This week’s events in Indian state of Karnataka have come as a huge shock for those who have witnessed counter-movements against imposition of hijab across the world. In a series of events that have now turned violent, a section of female students at Women’s PU College in Udupi, Karnataka first started protesting against their college administration for not allowing them into classrooms with hijab. The protests have since spread to the entire state with many colleges reporting incidents of saffron scarf-clad students protesting against those demanding hijab and incidents of stone-pelting by pro-hijab students against them. Female students of Women’s PU College in Udupi have approached the High Court to demand justice and the case has been now sent to a larger bench for hearing considering its deeper constitutional implication.
Many legal experts have already expressed their views requesting people to stay away from taking an ideological and political stand on this matter. For them, it is a matter of individual choice with a reasonable space for the state to impose a uniform dress code. However, such are the times that both pro-hijab and anti-hijab sections have their own political agendas to fulfil through these protests. While on one hand, it has come as a handy tool for the Opposition to bash the ruling government in the state and the Centre over growing intolerance with the Opposition parties staging a walk-out from Parliament on Tuesday. On the other hand, it has also given a pretext to the pro-government groups to question the validity of Islamic symbols in a secular state like India.
The internal political games aside, we can’t help but compare the current pro-hijab protests in India with the anti-hijab movement that unfolded in 2017-2019 in Iran. This was the time when Iran witnessed a rerun of the famous anti-hijab march that took place in Tehran on International Women’s Day in 1979. At that time, Iranian women had turned out in massive numbers to protest against Ayatollah Khomeini’s declaration of hijab as mandatory. In 2017, an Iranian woman Vida Movahed became the inspiration for Iranian women as they took off their hijabs, tied them to a stick and waved it to crowds during the “Girls of Enghelab” protests.
In Iran, hijab is compulsory for women with any violation attracting a prison sentence of 2-12 months and a fine between 50,000 and 500,000 rials (adjusted for inflation). During 2017-19 protests, multiple protesting women were arrested with many grievously injured in the police action.
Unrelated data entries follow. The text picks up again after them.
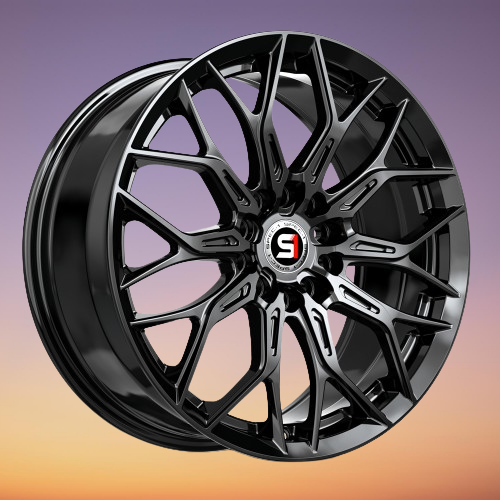 SPEC-1 RACING SP-57 GLOSS BLACK 17X7.5 4X100/4X4.5 +42 +73.1 *RT*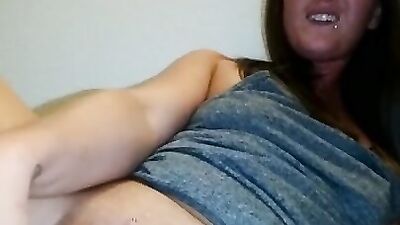 Amateur girl shows her pussy from up close while masturbating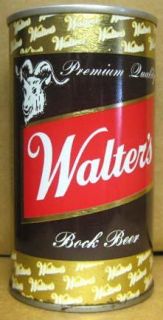 Walters Bock Beer SS Can w Goat Eau Claire Wisconsin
An Iranian activist Saba Kord Afshari was put behind bars for 24 years over promoting “corruption and prostitution” by taking off her hijab. Iranian protesters are not alone. Women in Saudi Arabia had also launched a “niqab under my foot” movement to protest against conservative Islamic dress code mandated for them in 2018.
These anti-hijab protests are dominated by women’s revolt against objectification of their bodies. In research conducted at the Swinburne University of Technology in Australia, participants who wore hijab explained that Islamic ideas of modesty and self-respect regarding their sexuality prod them to consider “woman as precious like diamonds”. This understanding of a female body as being precious and its comparison with non-living things such as diamonds lead to blatant objectification of women. Ironically, Malala in a tweet targeting the Indian state called the decision to not allow hijab-clad girls in school as “objectification”. But in reality, Iranian and Saudi Arabian experience demonstrates that women themselves want to break free from hijab because it restricts their role in the modern society to that of a mere object.
Coming back to India and the recent protests to demand right to wear hijab, one can still hope that it is a just a section of Muslim women who consider it as a part of their religious belief who are demanding it. Evidence has been placed in court proving that students at the same Udupi college didn’t wear the hijab as late as December 2021. If it is a new toolkit to target the government of the day, it will eventually fade out. But if it becomes a massive movement with organic support from majority of Muslim women, then it is going to be an albatross around their own necks.
Don’t forget, during Iranian revolution women sported hijab willingly to protest against Shah Pahlavi rule but the sentiment was captured by the new Islamic regime with Ayatollah Khomeini making it mandatory. When it starts with hijab, it doesn’t end too well for women empowerment.